Back in 2007 the High Court, this country’s highest court, in spite of a powerful and compelling dissent from Justice Michael Kirby, gave a green light to one of the most contentious of the battery of anti-terror laws passed after 9/11 — control orders. But in the past 48 hours, Gordon Brown’s beleaguered government has been told by the House of Lords that such orders represent a fundamental breach of human rights and do not comply with human rights obligations.

Control orders are used by governments to keep individuals under surveillance and to restrict their movements, even though they have not be found guilty of any anti-terrorism offence. Orders can be made in a person’s absence and the security and police agencies can withhold evidence from an individual and his or her lawyers in the name of national security.

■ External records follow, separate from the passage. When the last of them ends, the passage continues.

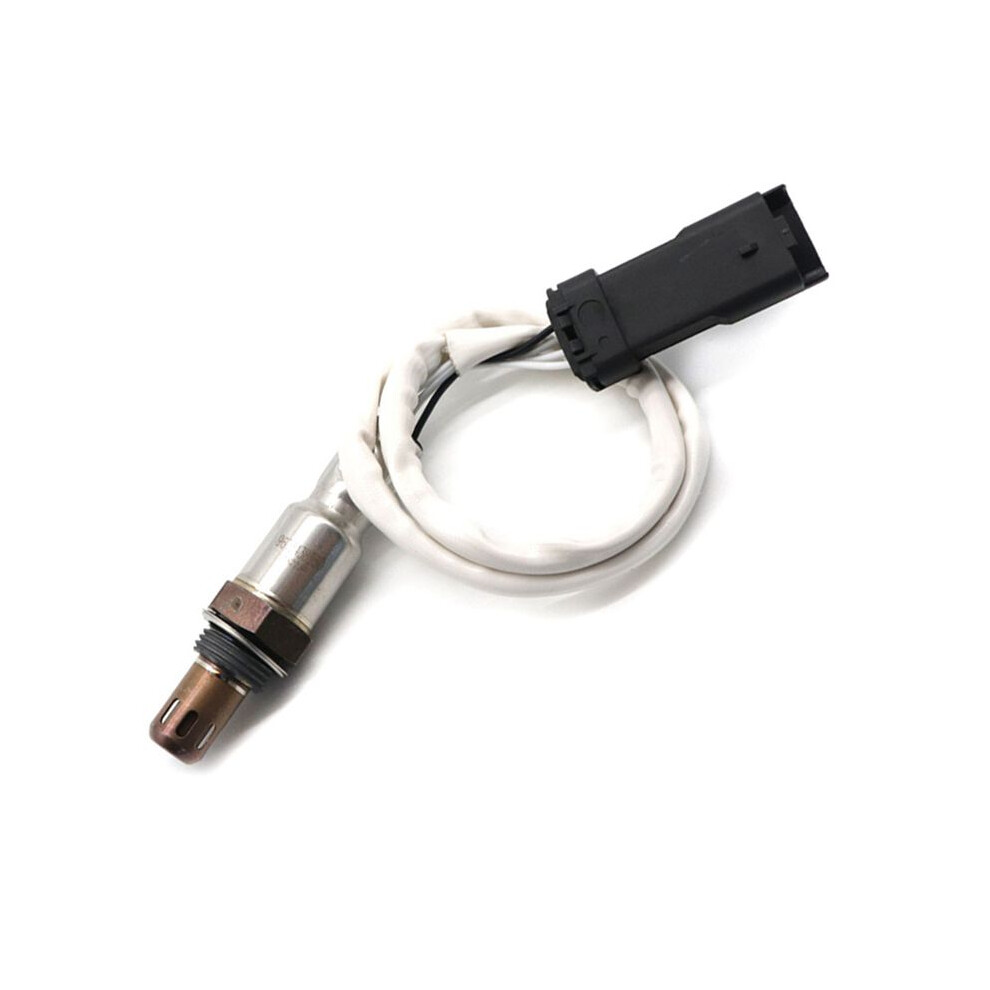 Car Oxygen Sensor 9673438580 9810634380 For C-Elysee C3 Ds3 1.2 Vti 2008 208 301 2012-2016 Lambda Sensor 4712562038044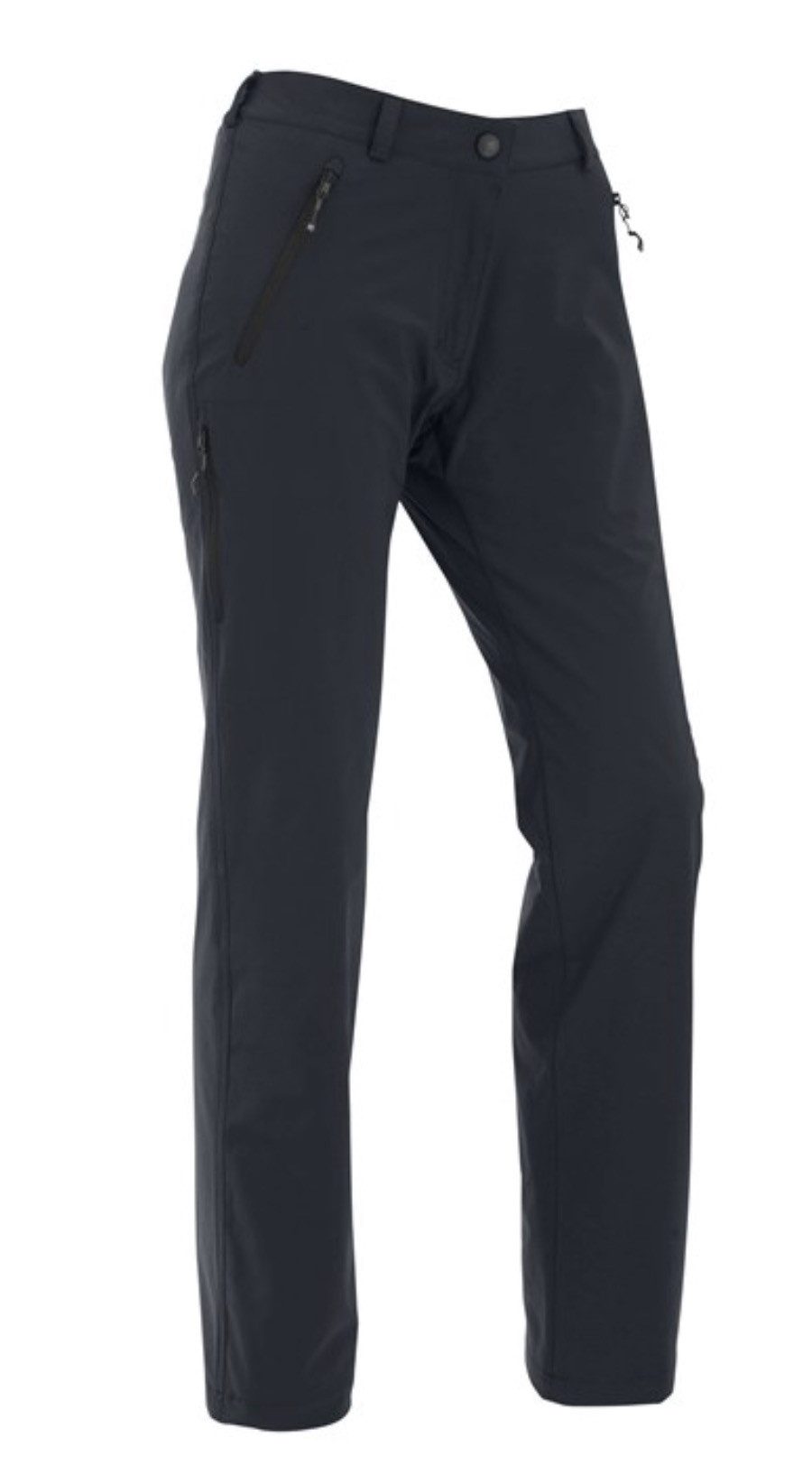 Maul Outdoorhose Sarek 2XT - Hose mit Megaliner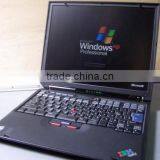 Refurbished Branded Cheap Notebook thumbnail-1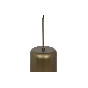 Hanglamp Safa Verticaal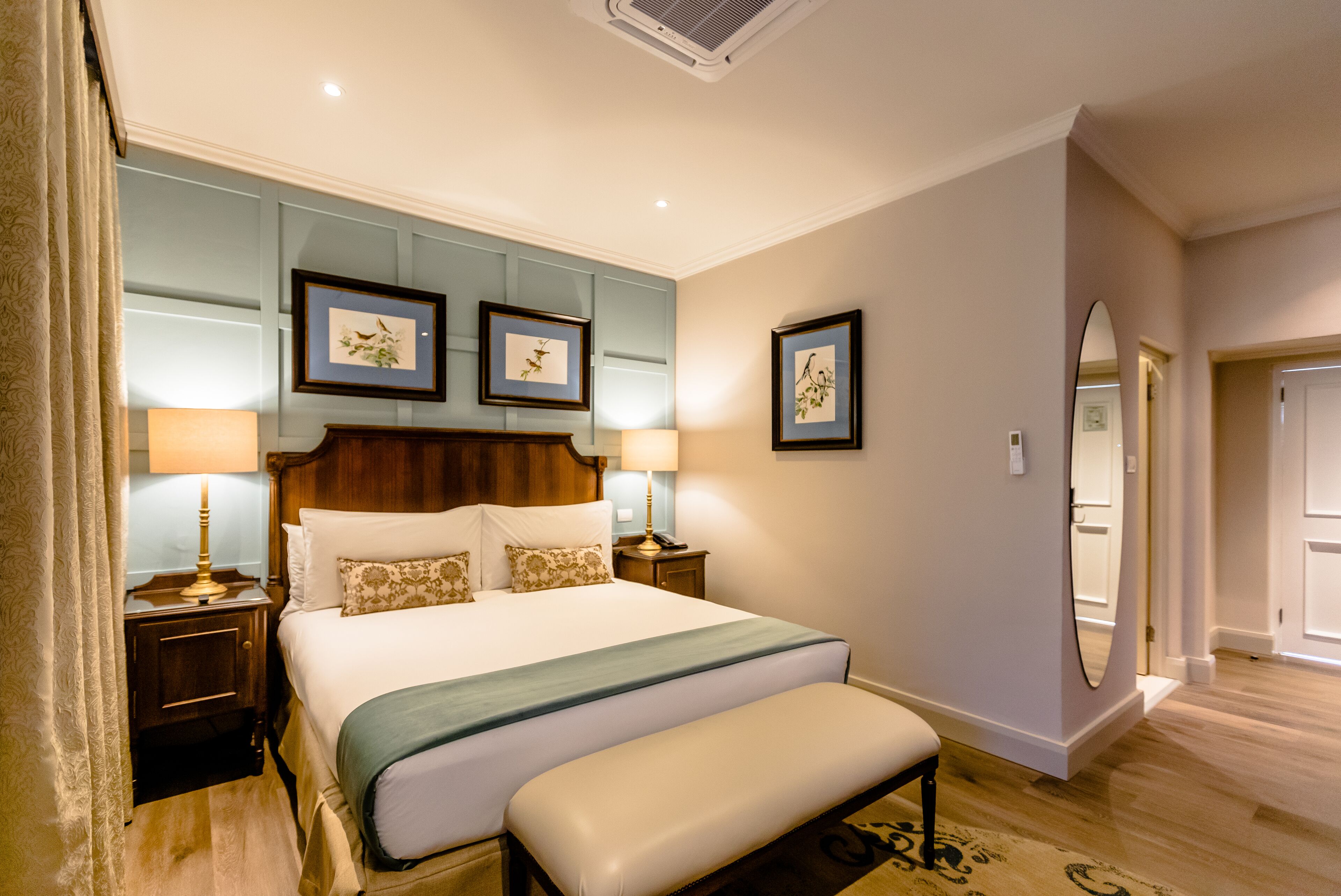 Gold Reef City Theme Park Hotel Gold Reef City Theme Park Hotel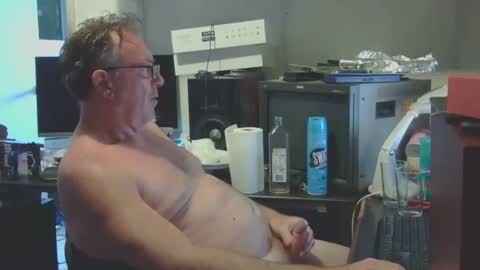 Snapshot of thang5545 chatting on 22, 1, 2025 thang5545 online show from 22, 1, 2025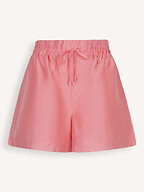 Dante 6 | Pants and Jumpsuits | Shorts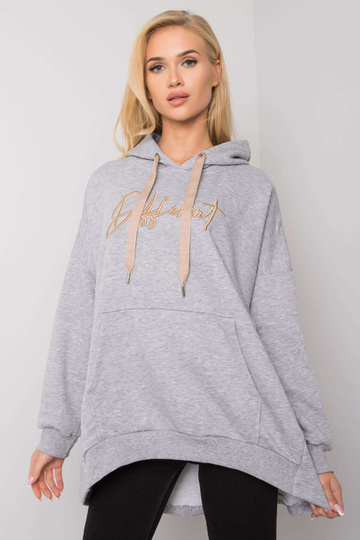 Pilkos spalvos Fallon... 2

Most famously in Australia it was used in the case of Jihad Jack Thomas, and it was his case challenging the constitutionality of control orders that the High Court threw out in 2007. David Hicks was also subject to a control order for 12 months after he was released in 2007 from prison in Adelaide.

However, the House of Lords decision, Secretary of the Home Department v AF, takes a less pro-state security line than did the High Court in Thomas’ case. The House of Lord’s has ruled that a control order cannot be made against a person unless they know the gist of the case against them.

In a powerful set of reasons Lord Hope eloquently puts the case for their being a genuine balance between protection of the community and the respect for the rights of the individual:

The consequences of a successful terrorist attack are likely to be so appalling that there is an understandable wish to support the system that keeps those who are considered to be most dangerous out of circulation for as long as possible. But the slow creep of complacency must be resisted. If the rule of law is to mean anything, it is in cases such as these that the court must stand by principle. It must insist that the person affected be told what is alleged against him.

The House of Lords was influenced by a decision earlier this year of the European Court of Human Rights, which also dealt with control orders and the inherent unfairness of them to an individual.

The egregious practice in the UK and Australia in terrorism cases of government lawyers using secret material to which the defendant and his legal team have no access has been struck down at last — at least in the UK. This means Australia once again lacks behind its former colonial master in human rights protection.

Australia’s anti-terror laws in respect of control orders, despite being upheld by the High Court two years ago, should now be reviewed by Attorney-General Robert McClelland and brought into line with the House of Lords ruling. The Rudd government must not hide behind the fact that Australia lacks a human rights law and therefore can get away with trashing them when it suits it.